# Sword of Vengeance/Thunder & Steel



## AK74Bob (Oct 2, 2010)

Man, _Sword of Vengeance_ was pretty frakking epic. When Schwarzhelm confronts Helborg...all I can say is manly tears. It was longer than the first book too, which was nice cause it wrapped up pretty much everything. 

Anyway I have a question regarding the new omnibus _Thunder & Steel_. Are the novels in it all connected (like all the Black Library omnibuses I'm used to)? Or are they stand alone novels with different characters and whatnot? I haven't read these individual novels by Abnett yet so just wondering. BTW the noves included are: _Gilead's Blood_, _Hammers of Ulric _and _Riders of the Dead_; and some short stories.


----------



## Bane_of_Kings (Oct 28, 2009)

I've read both of them, and they're all great reads . In _Thunder and Steel_, they're not connected.


----------



## Chris Wraight (Jun 4, 2010)

AK74Bob said:


> Man, _Sword of Vengeance_ was pretty frakking epic. When Schwarzhelm confronts Helborg...all I can say is manly tears. It was longer than the first book too, which was nice cause it wrapped up pretty much everything.


Thanks! Glad you enjoyed it. 



AK74Bob said:


> Anyway I have a question regarding the new omnibus _Thunder & Steel_. Are the novels in it all connected (like all the Black Library omnibuses I'm used to)? Or are they stand alone novels with different characters and whatnot? I haven't read these individual novels by Abnett yet so just wondering. BTW the noves included are: _Gilead's Blood_, _Hammers of Ulric _and _Riders of the Dead_; and some short stories.


I'm reading this for the first time myself (Riders of the Dead atm). Aside from the stories themselves, they're interesting for the light they cast on to a slighter earlier incarnation of Warhammer. Although there's no explicit connection between the different stories (as far as I can tell), I'm enjoying the vision of the Old World that they present.


----------



## Chris Wraight (Jun 4, 2010)

Bane_of_Kings said:


> I've read both of them, and they're all great reads .


Did they make sense, the wrong way round? :grin:


----------



## Bane_of_Kings (Oct 28, 2009)

Yeah , oh by the way, thanks for putting my review on your blog :victory:


----------



## Sacred Feth (Jan 13, 2011)

I'm almost finished _Sword of Justice_ and I'm really loving it. My copy of _Sword of Vengeance_ is sitting on my shelf to be read when I'm done 

Regarding T&S:


Gilead’s Blood: follows the saga of the doom-laden high elf, Gilead Lothain. Along with his faithful retainer Fithvael, Gilead, shadowfast warrior and the last of the line of Tor Anrok, travels the Warhammer world seeking revenge on the servants of Evil.

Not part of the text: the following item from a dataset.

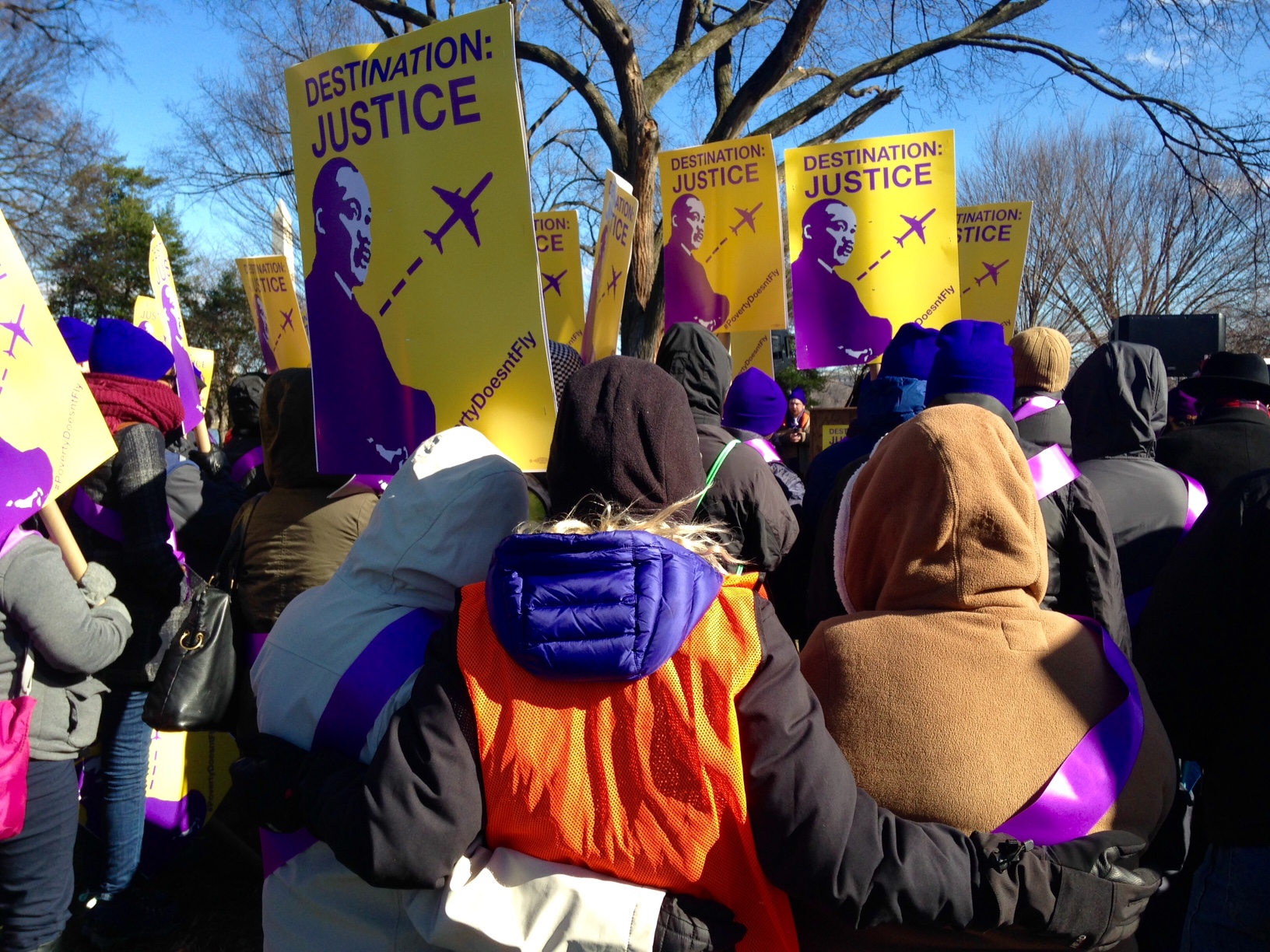Workers with the BJ32 SEIU who handle bags, clean the airplanes and provide wheelchair service at Reagan National Airport rally for a living wage on January 18, 2016. (WTOP/Megan Cloherty)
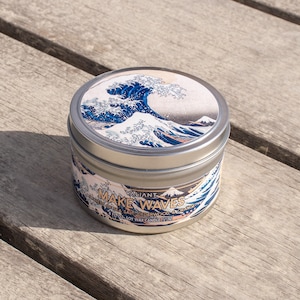 May include: A silver tin candle with a blue and white wave design on the lid. The label reads "Valiant Make Waves - Sea Salt & Cedarwood" and "11 oz Soy Wax Candle".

Hammers of Ulric: Dark powers gather around the ancient mountain-top city of Middenheim. Only the noble Templars of Ulric and a few unlikely allies stand to defend her against the insidious servants of Death.

Riders of the Dead: In the Chaos-infested wastes, the strongest of friendships can easily be manipulated into the deadliest of rivalries.

Far to the north of the Empire lies the dreaded Chaos Wastes, a dark landscape permeated by the corrupting magic of Chaos and home to the servants of the Dark Gods. Standing between this gateway to hell and the civilised world lies the frozen land of Kislev, bastion against the rising tide of evil.

Two Empire soldiers get their first taste of battle as they join the campaign to repel the savage Northern Tribes. As the winter draws in, the last major battle sees their destinies thrown into turmoil as circumstances tear them apart and throw them onto opposite sides.

Such is the mutating power in this dark and terrible land that the strongest of friends can soon become the bitterest of enemies. As they race towards a final cataclysmic showdown the fate of their souls will be sealed forever.


----------



## AK74Bob (Oct 2, 2010)

Thanks for the info brothers!


----------